GOING UPRIVER: Background

GOING UPRIVER animated a touring exhibit for the Canadian Heritage Rivers System in the summer of 1988 with special interpretive programs presented at parks, historic sites, museums, and other venues. Bilingual (English/French) programs included CROSSCURRENTS, a series of illustrated concerts based on regional Great Lakes/St. Lawrence river themes, and WATERWATCH, a young audiences' program on stream ecology, as well as two training workshops.

The goal of this unique international co-operative effort was the promotion of awareness and stewardship of North America's river heritage, by sharing the social, cultural, and historical value of rivers as expressed in music, literature, folklore, and visual images.

Project staff traveled up the St. Lawrence from "Saint Croix to Saint Croix" (Saint Croix River, New Brunswick/Maine, to Lower St. Croix River, Wisconsin/Minnesota), crossing the U.S./Canadian border six times, to present a total of 77 public programs and eleven exhibit displays at 26 program sites. This report highlights the summer tour, describes and evaluates programs, and offers some reflections on the meaning of the journey.

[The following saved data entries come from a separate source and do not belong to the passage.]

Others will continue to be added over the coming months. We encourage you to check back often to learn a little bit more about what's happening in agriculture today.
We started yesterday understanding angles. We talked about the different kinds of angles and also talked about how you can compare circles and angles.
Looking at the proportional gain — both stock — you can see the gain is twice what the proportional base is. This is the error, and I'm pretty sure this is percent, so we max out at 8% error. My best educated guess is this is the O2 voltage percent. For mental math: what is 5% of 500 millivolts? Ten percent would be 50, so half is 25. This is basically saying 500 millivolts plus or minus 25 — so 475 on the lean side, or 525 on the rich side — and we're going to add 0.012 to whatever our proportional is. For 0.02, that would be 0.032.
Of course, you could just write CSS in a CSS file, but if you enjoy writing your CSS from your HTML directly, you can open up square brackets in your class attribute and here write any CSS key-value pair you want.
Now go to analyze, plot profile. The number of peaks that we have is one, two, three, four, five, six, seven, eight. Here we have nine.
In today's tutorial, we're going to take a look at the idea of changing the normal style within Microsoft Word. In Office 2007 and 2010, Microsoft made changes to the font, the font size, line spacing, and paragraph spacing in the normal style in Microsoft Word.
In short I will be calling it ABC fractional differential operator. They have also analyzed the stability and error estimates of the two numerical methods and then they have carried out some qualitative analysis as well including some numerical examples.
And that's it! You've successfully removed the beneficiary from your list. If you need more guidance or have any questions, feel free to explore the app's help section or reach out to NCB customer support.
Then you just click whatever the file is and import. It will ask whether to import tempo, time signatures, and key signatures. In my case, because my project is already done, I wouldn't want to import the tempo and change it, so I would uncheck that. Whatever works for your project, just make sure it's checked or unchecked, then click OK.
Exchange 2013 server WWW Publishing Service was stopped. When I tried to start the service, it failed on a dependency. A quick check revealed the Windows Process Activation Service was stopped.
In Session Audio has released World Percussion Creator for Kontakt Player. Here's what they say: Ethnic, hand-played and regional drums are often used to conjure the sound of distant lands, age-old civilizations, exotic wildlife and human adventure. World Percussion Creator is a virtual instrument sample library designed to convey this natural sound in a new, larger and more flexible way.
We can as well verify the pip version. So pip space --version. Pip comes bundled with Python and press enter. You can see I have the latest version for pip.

GOING UPRIVER was bound together by several underlying themes and symbols:
  • • the geographical fact of the Great Lakes
  • • water transportation as a symbol of regional trade, natural resources and communication
  • • the confluence of individual lives into the river of history, as expressed in the stream of culture that is folklore
  • • the essence of rivers and of music: stillness in motion
  • • the spirit of the voyageur: adventure, wilderness, exploration and freedom in the path of the paddle
  • • heritage conservation as the nexus of natural and cultural landscapes in the uniqueness of place.

It was a remarkable project for several reasons: its international, transboundary scope; the collaboration of Federal and nonprofit organizations, supported by a coalition of public and private agencies; its use of music and folklore to communicate heritage values; and finally, the way in which the literal journey became an example of regional unity. Such a project can serve as a model for international, interagency co-operation, and catalyze exchange of ideas and technical expertise in education for river conservation.

GOING UPRIVER was sponsored by the Atlantic Center for the Environment, a division of the Quebec-Labrador Foundation. The Atlantic Center for the Environment promotes environmental understanding and encourages public involvement in resolving resource issues in Atlantic Canada, eastern Quebec and northern New England: the Atlantic Region. This interregional exchange and education project is a centerpiece of the Atlantic Center's new rivers initative.
Support for GOING UPRIVER was provided by The George Gund and William H. Donner foundations; the Canadian Heritage Rivers System; the U.S. National Park Service; and program sites.

For more information on this and other Atlantic Center programs, please contact:


QLF/Atlantic Center for the Environment
39 South Main Street
Ipswich, MA 01938-2321
(508) 356-0038

GOING UPRIVER: The Crosscurrents Concept


Speaking of contraries,
See how the brook in that white wave runs counter to itself.
It is from this in water we are from
Long, long before we were from any living creature. …
It is this backward motion toward the source, against the current,
That most we see ourselves in
The tribute of the current toward the source.
It is from this in nature we are from.
It is most us.
-- Robert Frost, West-Running Brook

The CROSSCURRENTS concert series was developed at Gros Morne, Terra Nova, and Kouchibouguac National Parks (Atlantic Canada) in the summers of 1986-87, with support from the Canadian Parks Service and QLF/Atlantic Center for the Environment. Originally symbolizing the upwellings of water off Newfoundland's Grand Banks and the resulting flow of human migration, the title has come to stand for the crosscurrents of natural and cultural landscapes that is the focus of heritage conservation. Each program explores the "terrains of consciousness" expressed in music, literature, folklore, and historical narrative, to capture the heart of a region in the "spirit of place."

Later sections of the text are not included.